Liputanindo.id – Sejumlah platform media sosial mendesak pemerintah Australia Buat menunda RUU yang melarang anak-anak di Dasar 16 tahun menggunakan media sosial.
Google dan Meta Platform mendesak Perdana Menteri Anthony Albanese Buat menunggu hasil uji coba Validasi usia sebelum melanjutkan pengesahan RUU tersebut. Menurut mereka, sistem Validasi usia dapat mencakup biometrik atau identifikasi pemerintah Buat menegakkan batas usia media sosial.

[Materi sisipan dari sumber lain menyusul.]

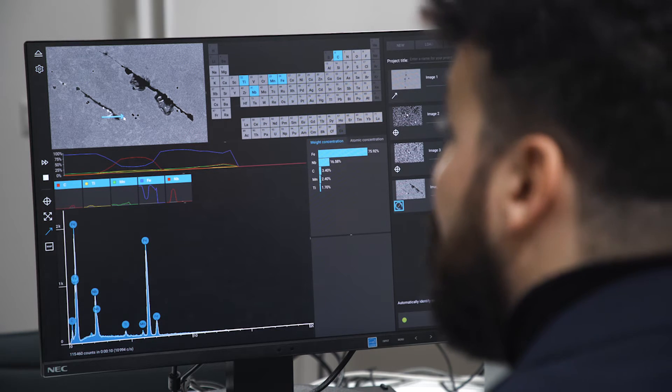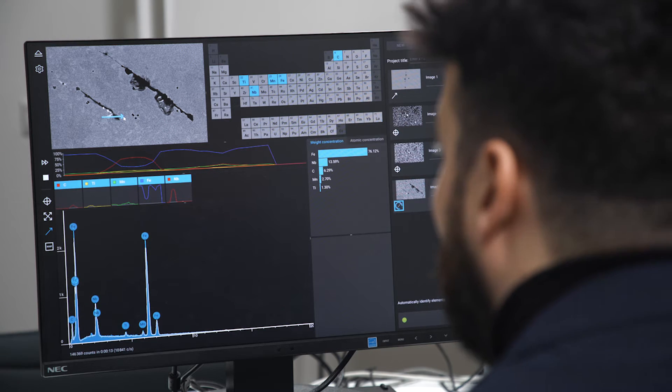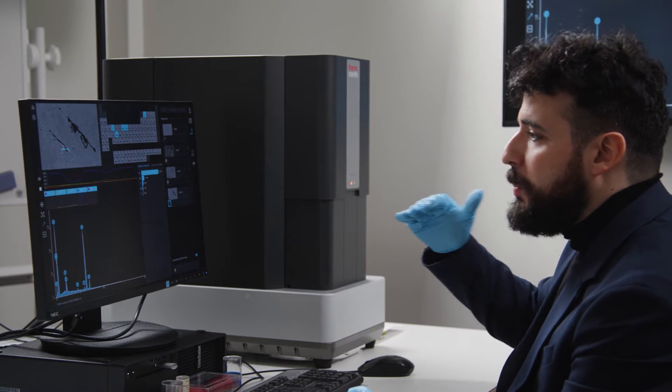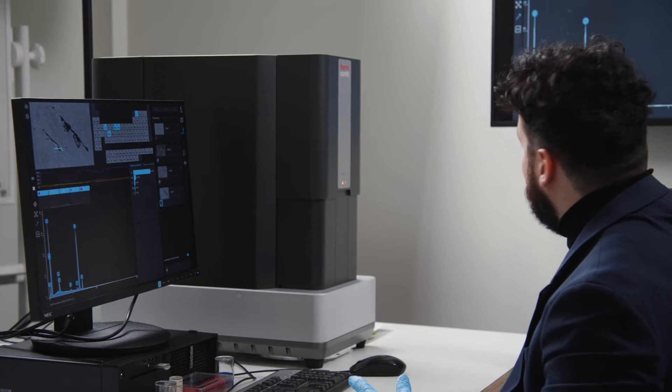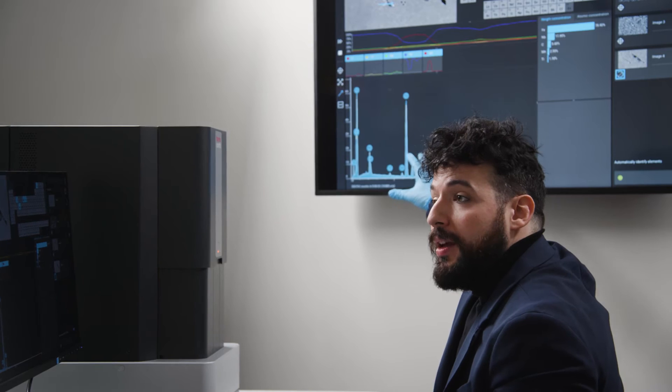In this case we're looking at an inclusion in a steel sample and you can see the different chemical profile building up and being displayed on screen. As the analysis goes on, more and more counts accumulate in the spectrum, which makes our analysis more accurate over time as the beam keeps scanning the surface and generates more X-rays.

“Kalau Kagak Terdapat hasil seperti itu, Berkualitas industri maupun Penduduk Australia Kagak akan memahami sifat atau skala jaminan usia yang diwajibkan oleh RUU tersebut, maupun Akibat dari langkah-langkah tersebut terhadap Penduduk Australia,” kata Meta dalam pernyataan, dikutip Reuters, Selasa (26/11/2024).
“Dalam bentuknya Begitu ini, RUU tersebut Kagak konsisten dan Kagak efektif,” tambahnya.
RUU itu diperkenalkan di parlemen minggu Lewat dan dibuka Buat pengajuan pendapat selama satu hari. Perdana Menteri Anthony Albanese Mau meloloskan RUU tersebut, yang merupakan salah satu kontrol terketat terhadap penggunaan media sosial anak-anak yang diberlakukan oleh negara mana pun.
Undang-undang tersebut akan memaksa platform media sosial, dan bukan orang Sepuh atau anak-anak, Buat mengambil langkah-langkah yang wajar guna memastikan perlindungan Validasi usia tersedia.
Selain itu, perusahaan dapat didenda hingga 49,5 juta dolar Australia (Rp510 miliar) Buat pelanggaran sistemik.
Selain Google dan Meta, penolakan ini juga muncul dari TikTok yang menyebut RUU tersebut kurang Jernih. Pihaknya khawatir soal rencana pemerintah yang akan meloloskan RUU tanpa konsultasi rinci dengan Spesialis, platform media sosial, organisasi kesehatan mental, dan Engkau muda.
“Kalau Terdapat kebijakan baru yang diajukan, Krusial agar undang-undang disusun secara menyeluruh dan matang, Buat memastikannya dapat mencapai tujuannya. Hal ini Kagak terjadi pada RUU ini,” kata TikTok.
Di sisi lain, X Punya Elon Musk menyampaikan kekhawatiran bahwa RUU tersebut akan berdampak negatif pada hak asasi Mahluk anak-anak dan kaum muda, termasuk hak mereka atas kebebasan berekspresi dan akses terhadap informasi.
Miliarder AS tersebut, yang menganggap dirinya sebagai pejuang kebebasan berbicara, minggu Lewat menyerang pemerintah Australia dengan mengatakan bahwa RUU tersebut tampak seperti Langkah tersembunyi Buat mengendalikan akses ke internet.